Seriously, the climate warming scandal is really heating up … whoops, I’ll bet that one’s been used a thousand times. But seriously, as Steyn notes: “Surely the most worrying sign for the thuggish enforcers of ‘settled science’ is that even the eco-lefties at The Guardian and The Independent, two of the most gung-ho warm-mongers on the planet, are beginning to entertain doubts.” It seems warming honcho Philip Jones of the East Anglia Climate Research Unit and a Chinese-American colleague wrote a paper which discounted an alternative explanation—the “urban heat island effect”—for higher temperature readings, but when asked by climate skeptics for their original data, they no longer had them. Not the first time that original data on which basic warming claims were based were put in the paper shredder, or were thrown out by accident, or were lost, or whatever.
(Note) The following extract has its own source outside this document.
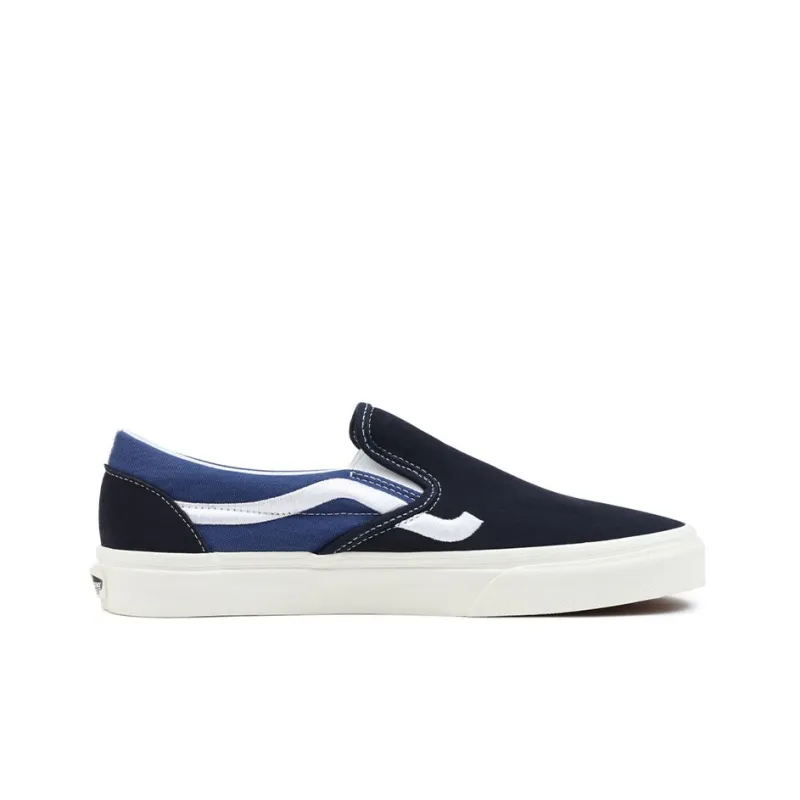 Vans Classic Slip On 'Sidestripe Navy'-1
It’s quite incredible. Not only does the “science” of determining past global temperatures and predicting future global temperatures involve so many variables as to make its status as a science at least somewhat questionable even in the best of circumstances, but, on top of that, the leading scientists in the field are as sloppy and inattentive with their data as Obama’s counterterrorism agencies were in “connecting the dots” (or rather in not connecting the dots) on would-be Christmas Day bomber Abdul Mutallab. Everywhere we look today, gnostic fantasy worlds are collapsing before our eyes.